Я, Андрюша, глаза эти зеленые не забуду и пальцы гибкие, хлесткие. По одному бы переломал!..
Ну что ж, отхлестал, и все. Боялся я этого как огня. Ну, а случилось никто и не заметил. Не каждый день это в казарме бывает, ну и не редкость. Во всяком случае, не событие.
Прошло уже два месяца, раньше я бы не мог и написать об этом. Много было передумано. Теперь смотрю небитых у нас нет, все товарищи. В других ротах тоже хлещут.
Когда стали меня выпускать на улицу, стал я по городу бродить. Субботний вечер и весь праздник улицы оттаптываю. По какой еще не шел всю от конца до конца пройду. На трамваи капиталов нет. Вот только в феврале мне мать пятерку прислала, я даже в театр в раешник сходил, в Александринку. «Ревизора» с Давыдовым видел. Хорошо, Андрюша!
Потом подвезло мне. Ехал я как-то на площадке трамвая по Выборгской. В центр я боюсь забираться там всю дорогу козыряешь или во фронт стоишь. А тут, на Выборгской, кругом заводы, стены каменные, трубы, корпуса. Я бы, кажется, вором через стену махнул, чтобы только посмотреть, что там делается, да на машины. Вот ведь город, Андрюша. Смотрю в оба, этажи считаю, а рядом мастеровой стоит. На нем тройка чистая, видно, тоже праздник справляет. Лицо серьезное. Я и давай его спрашивать: а это что? а это что? Он все стал объяснять. Вижу, толковый парень. Все заводы назубок знает, и что на них делается, и чьи они, и что и как. Разговорились. Потом пошли вместе. Узнал, что я с Киевщины, заинтересовался. Сказал, что если бы не солдатская служба, мог бы меня здесь на заводе устроить. Потом к себе свел, тут же, на Выборгской, чаем напоил. Теперь, как суббота, так я к нему на Бабурин переулок, а потом уже вдвоем по городу бродим. Сдружились.
Жду теперь отправки на фронт. Смешно сказать знаешь, как я на войну рвусь, а тут, кажется, в бой пошел бы, только бы из запасного батальона уйти.
Должен я сказать, что последние недели немного легче стало. Нашим взводом командует теперь Перцов, офицер из студентов, и теперь даже Сергеев стал тише. Но разве здесь будешь спокоен?
Ну, ничего, Андрюша, скажу все-таки и я, не все на свете так уж плохо.

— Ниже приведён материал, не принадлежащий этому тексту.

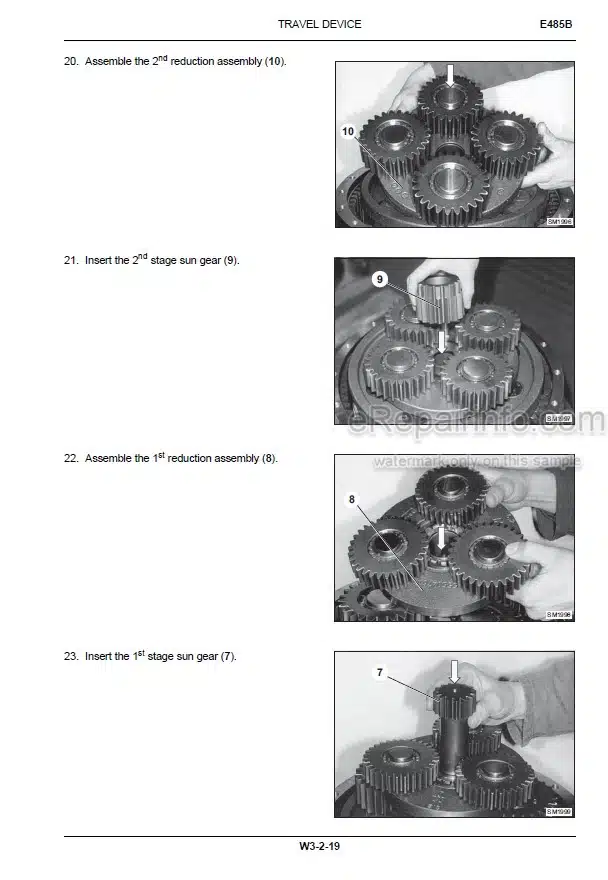 Photo 1 - New Holland E485B ROPS Tier III Service Manual Crawler Excavator 84392440A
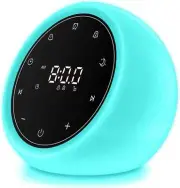White Noise Machine with 2 Alarm Clock, 20 Soothing Sounds, 7 Color Night Light,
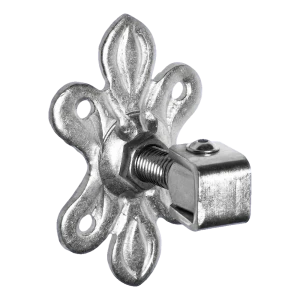 Regulerbart porthængsel med dekorativt skilt M20 160×105×6 mm galvaniseret stål
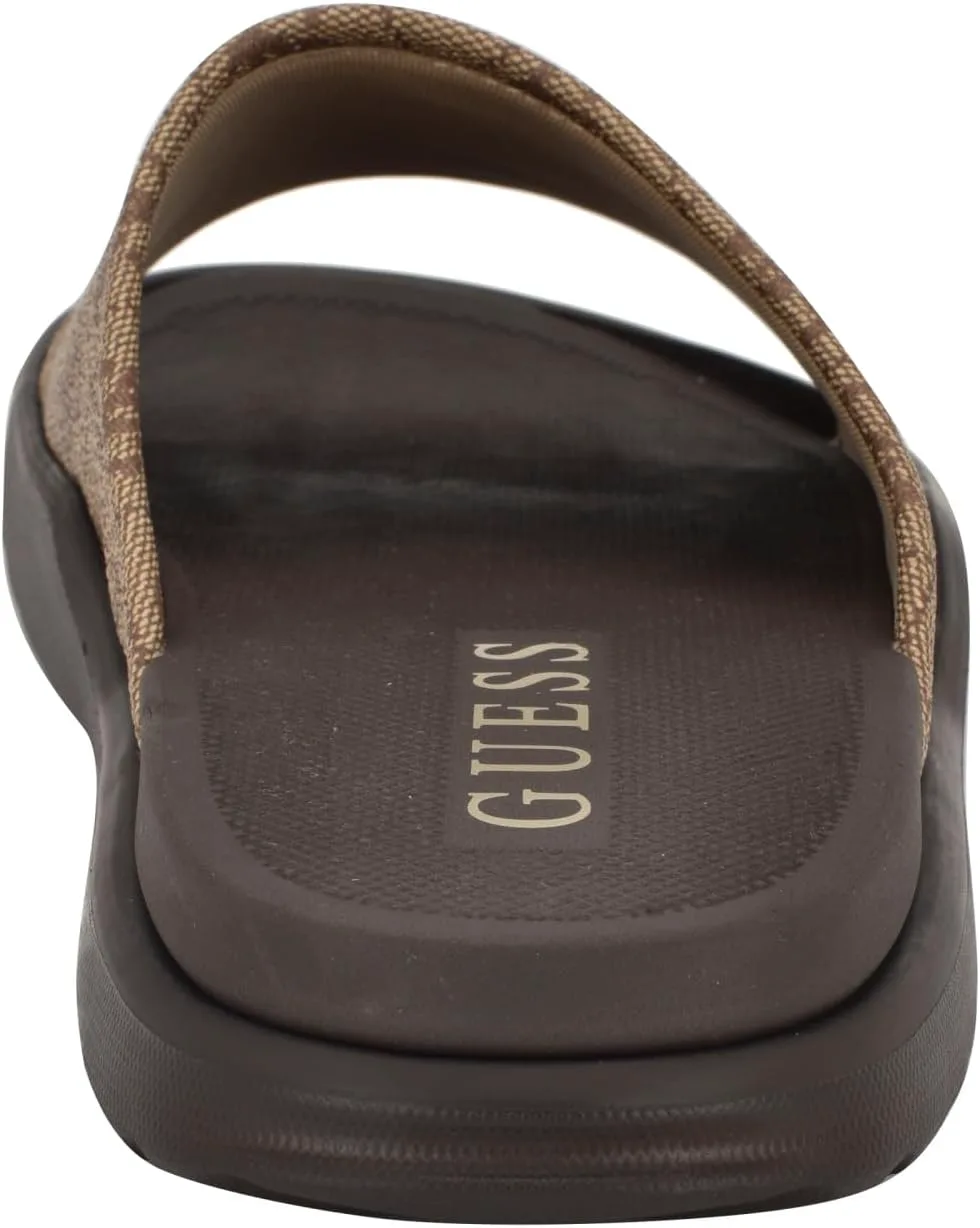Шлепанцы GUESS mens Magaria, светло-коричневый — фото 3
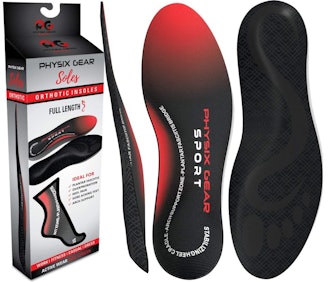 Physix Gear Orthotic Inserts With Arch Support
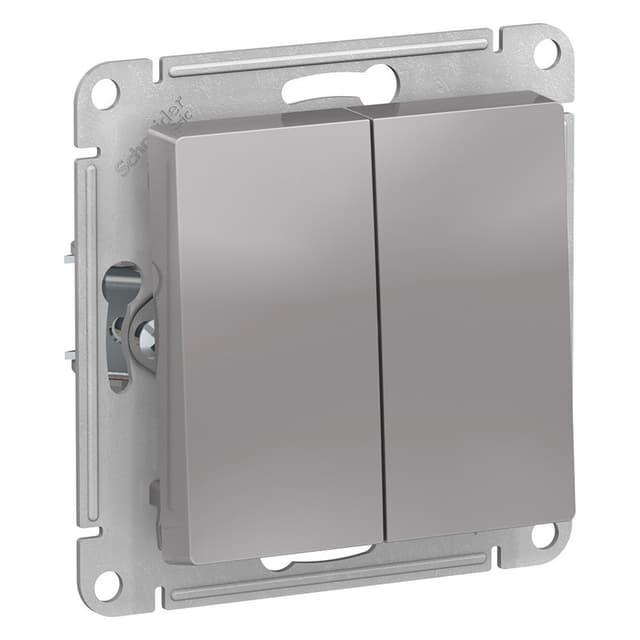 Выключатель Schneider Electric AtlasDesign алюминий ATN000351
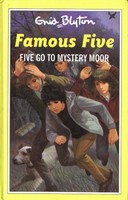 englisches Buchcover: "Five go to Mystery Moor"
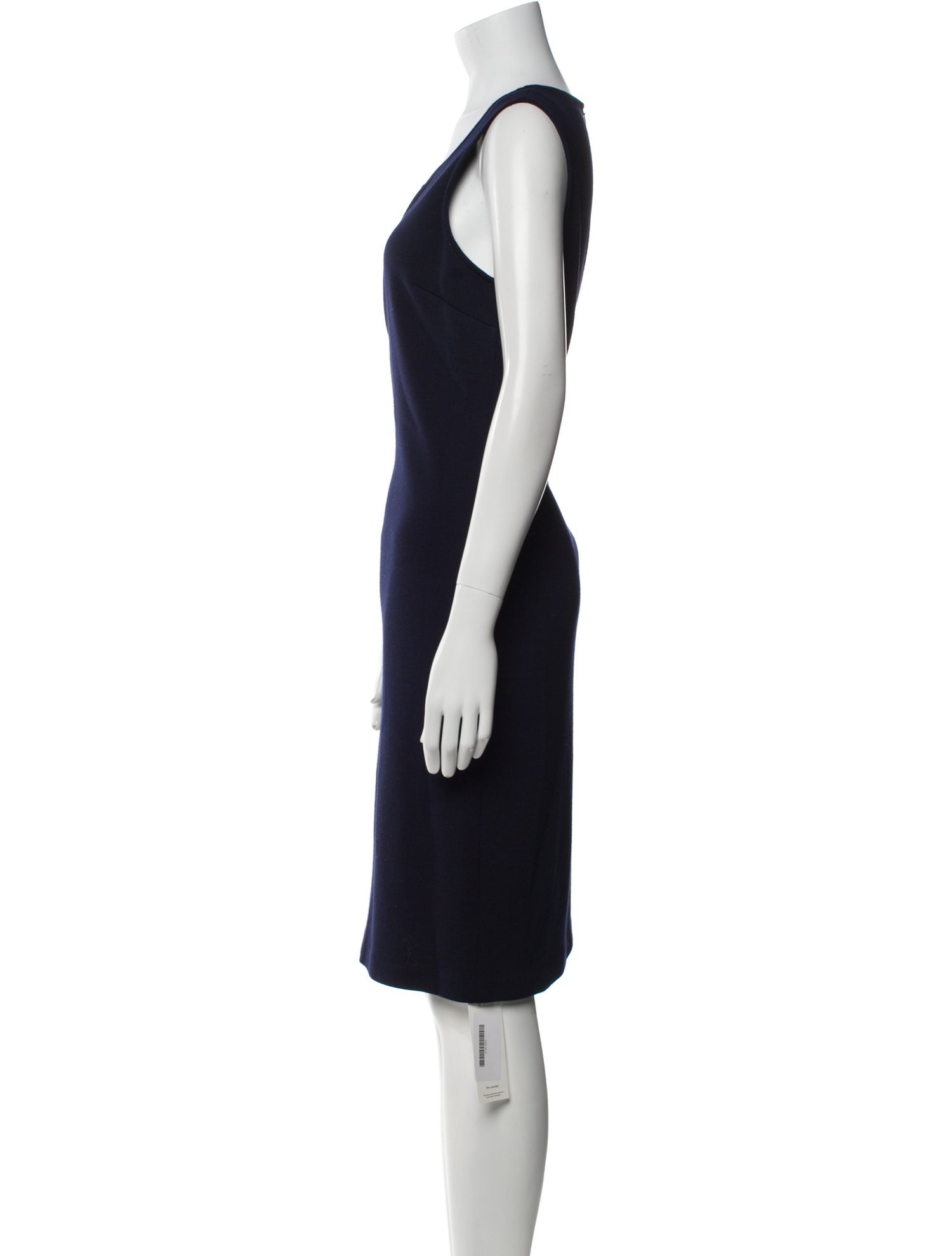 St. John Wool Knee-Length Dress
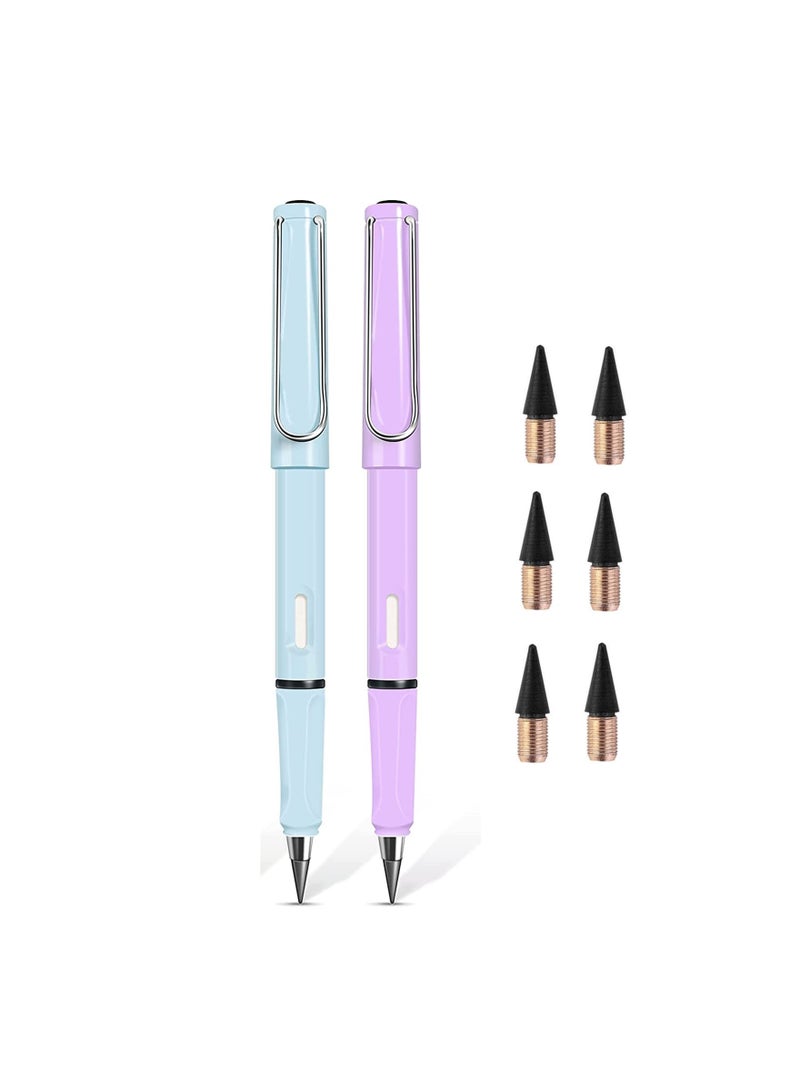 Inkless Pencils - Eternal Writing Tools with 6 Replaceable Graphite Nibs, Eco-Friendly, Portable, Reusable, and Erasable for Students and Artists (2 Pack) - Image 1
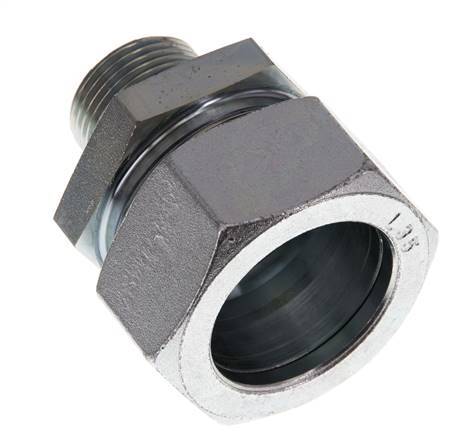 G 3/4'' Macho x 35L Anillo de corte recto de acero galvanizado 160 Bar DIN 2353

Будь здоров. Письмо это я писал три ночи. В казарме и в карауле. Если сбивчиво то прости. Пиши чаще.
Твой друг Петр».
Андрей дважды перечитал письмо. Досадно было, что не встретил Петра. Но откуда же было догадаться, что он в Петрограде? Письмо было какое-то неровное. Конец не вязался с началом. Парня прижало так, что хочет бежать на фронт, и вдруг не все плохо!..
Ответил Петру рассказом о Поставском сражении.